Éste es el contexto de todo lo ocurrido, ésta es la base de cualquier explicación: en definitiva, se trataba de controlar un aparato complejo y tensionado en el que era difícil saber si uno acababa controlando realmente algo o era arrastrado por las tensiones y las contradicciones del momento, o ambas cosas a la vez. Si en España hubiese en este momento un clima político más sosegado, si las fuerzas políticas y los medios de comunicación no estuviesen tan pendientes del regate corto y de la presión electoral más inmediata, ésta sería la discusión que deberíamos emprender para explicar el pasado reciente y, por consiguiente, para explicar el presente. Si en vez de esto, un tema tan delicado y tan complejo, tan vital para entender nuestro tránsito a la democracia, se convierte en materia de confrontación política, en arma para destruir al Gobierno y a su presidente, en justificación de barahúndas y de fugas verbales hacia adelante, no hay solución posible al problema.

Uno de los principales peligros del sistema político democrático es que una crisis de autoridad pueda degenerar en una crisis de legitimidad. Es posible que entre todos nos hayamos metido en una crisis de autoridad, pero, en todo caso, no sólo por la acción o la omisión del Gobierno, sino también por el escaso entusiasmo que genera una oposición que se presenta como alternativa sin programa ni atractivo, por la inquietud que provoca la desaforada crispación verbal de otra oposición, que se proclama de izquierda, y porque no hay más alianzas de mayoría que las actuales y éstas son, precisamente, las que la oposición política y diversos medios de comunicación se dedican a deslegitimar. En estas condiciones, un debate como el actual sobre el GAL de hace diez o doce años no sólo no permite elucidar lo que de verdad ocurrió, sino que nos sume a todos en un desconcierto en el que no parece que nadie vaya a ganar, pero sí que todos podemos perder.
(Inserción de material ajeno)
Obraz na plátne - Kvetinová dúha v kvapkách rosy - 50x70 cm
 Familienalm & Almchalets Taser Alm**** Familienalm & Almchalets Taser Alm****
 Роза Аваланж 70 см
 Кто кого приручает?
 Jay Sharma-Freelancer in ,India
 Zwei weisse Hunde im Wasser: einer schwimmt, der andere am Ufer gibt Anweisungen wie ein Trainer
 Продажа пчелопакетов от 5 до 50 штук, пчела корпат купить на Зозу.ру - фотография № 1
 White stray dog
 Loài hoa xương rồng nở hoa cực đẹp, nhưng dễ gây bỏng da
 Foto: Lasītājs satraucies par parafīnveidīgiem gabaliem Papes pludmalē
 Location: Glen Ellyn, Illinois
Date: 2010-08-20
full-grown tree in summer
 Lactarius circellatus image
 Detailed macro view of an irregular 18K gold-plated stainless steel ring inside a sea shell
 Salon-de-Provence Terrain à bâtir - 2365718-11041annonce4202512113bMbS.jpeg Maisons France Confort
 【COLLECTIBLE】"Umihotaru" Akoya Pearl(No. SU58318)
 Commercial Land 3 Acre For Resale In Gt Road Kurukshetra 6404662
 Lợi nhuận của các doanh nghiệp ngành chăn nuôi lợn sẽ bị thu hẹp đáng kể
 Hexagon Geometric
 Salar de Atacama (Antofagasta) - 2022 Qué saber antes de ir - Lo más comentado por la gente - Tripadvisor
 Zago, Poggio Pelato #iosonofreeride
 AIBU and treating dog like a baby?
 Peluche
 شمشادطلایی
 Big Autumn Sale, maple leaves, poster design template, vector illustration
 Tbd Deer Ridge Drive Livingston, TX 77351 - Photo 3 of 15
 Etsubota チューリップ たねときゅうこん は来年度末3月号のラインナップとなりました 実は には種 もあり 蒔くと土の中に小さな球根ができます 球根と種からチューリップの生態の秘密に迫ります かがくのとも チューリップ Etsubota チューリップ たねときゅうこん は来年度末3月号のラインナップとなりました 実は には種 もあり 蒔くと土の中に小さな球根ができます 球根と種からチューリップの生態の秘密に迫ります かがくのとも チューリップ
Estamos en 1995 y esto cuenta. En definitiva, se trata de saber qué conclusiones queremos sacar a estas alturas de tamaña investigación sobre nuestro pasado reciente. ¿Una responsabilidad penal? ¿Una responsabilidad política con efectos retroactivos? ¿O un arma para resolver por la brava contiendas políticas actuales? Crear y desarrollar un Estado de derecho, luchar por el respeto y el goce efectivo de los derechos humanos son tareas duras y difíciles cuando se tiene detrás una historia de dictaduras tan lúgubres como las nuestras. Esta batalla está hecha de muchos momentos, se ha forjado con pasos adelante y con pasos atrás, y todos ellos cuentan en el cómputo global. Por consiguiente, el único objetivo que debemos buscar es perfeccionar y fortalecer nuestro Estado de derecho, el que hemos creado en estos años. Si para ello hay que exigir responsabilidades, exijámoslas, pero con serenidad y claridad, distinguiendo la culpabilidad del error, y no concibiéndolas como armas para eliminar hoy adversarios incómodos o destruir reputaciones personales que obstaculizan el camino de tal o cual hacia el poder. Creo que esto no está claro y que ésa es una de las razones principales de la inquietud y de la desazón de tantos ciudadanos y tantas ciudadanas.

Jordi Solé Tura es diputado por el PSC-PSOE.